Enrofloxacin (Baytril) for sure. Sulfa drugs are good, but many bacteria are resistant to them.


----------



## MikeA_15 (Feb 21, 2016)

chickenqueen said:


> Thanx everybody!Already have first aid supplies,Valbazen,Permetherin(sp?) liquid,Headlamp from my spelunking days-quit because of rodents LOL.I need to know the best 1-2 antibiotics to keep on hand that can be given orally or injected.Last year had to give injections to my rooster for a massive ear infection and that was so easy,easier than trying to put medicine in his mouth like the wormer.I don't think I've had much disease here,never lost more than 1 bird at a time unless it was a dog attack.1 or 2 good broadspectrum antibiotics is what I need.If you could only have 2 what would you choose?


One of the best antibiotics to acquire is Amikacin and is not easy to possess but through a Veterinarian:
http://vetsfarma.com/poultry2.html

Lincomycin is related but is pretty effective when it comes to bacterial infections in the gut. Sold under the brand Linxmed-SP, it is a water dispersible:
http://www.qcsupply.com/540346-lincomycin-soluble-powder-40-gm.html

For respiratory, I'd recommend Denagard since there has been no resistance shown by microorganisms it is effective against:
http://www.qcsupply.com/denagard-liquid-concentrate-novartis.html


----------



## dawg53 (Aug 25, 2015)

Tylan 50 injectable, penicillin/amoxicillin, denagard, baytril. These are the best of the best for effectiveness in the antibiotic pecking order.


----------



## casportpony (Aug 22, 2015)

MikeA_15 said:


> One of the best antibiotics to acquire is Amikacin and is not easy to possess but through a Veterinarian:
> http://vetsfarma.com/poultry2.html
> 
> Lincomycin is related but is pretty effective when it comes to bacterial infections in the gut. Sold under the brand Linxmed-SP, it is a water dispersible:
> ...


Wish I could get some Amikacin or Zactran, but both are very expensive, though should will work when Baytril won't.


----------



## casportpony (Aug 22, 2015)

dawg53 said:


> Tylan 50 injectable, penicillin/amoxicillin, denagard, baytril.
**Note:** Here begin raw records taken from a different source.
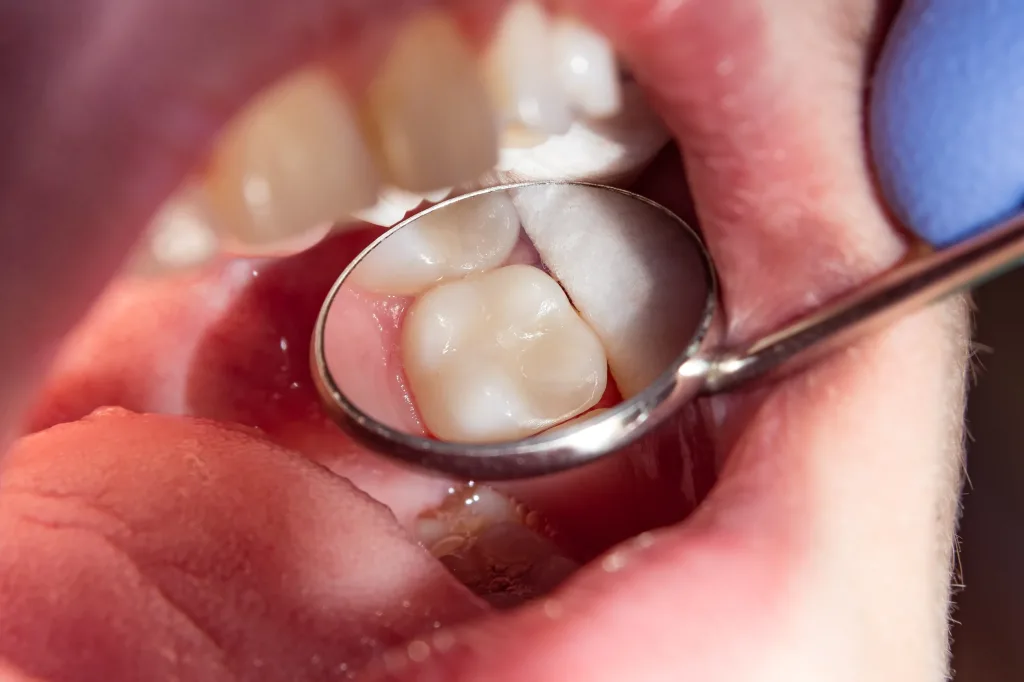 Amalgam Removal brisbane
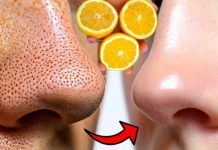 12 ČUDESNIH BEAUTY MOĆI LIMUNA 🍋 – Prirodni recepti za savršeno blistavu kožu 12 ČUDESNIH BEAUTY MOĆI LIMUNA 🍋 – Prirodni recepti za savršeno blistavu kožu - featured image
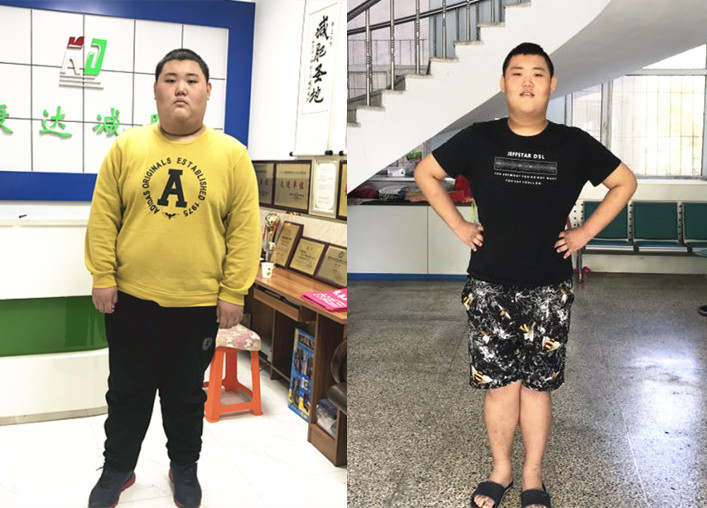 301斤男孩张旸哲长春减肥 瘦了100斤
These are the best of the best for effectiveness in the antibiotic pecking order.


The Tylan is something one can get at most feed stores, so is procaine penicillin, so maybe no need to have those sitting on a shelf collecting dust?

Denagard is supposed to be mixed in water, so might not be a good choice for birds that aren't drinking, or birds with slow crops.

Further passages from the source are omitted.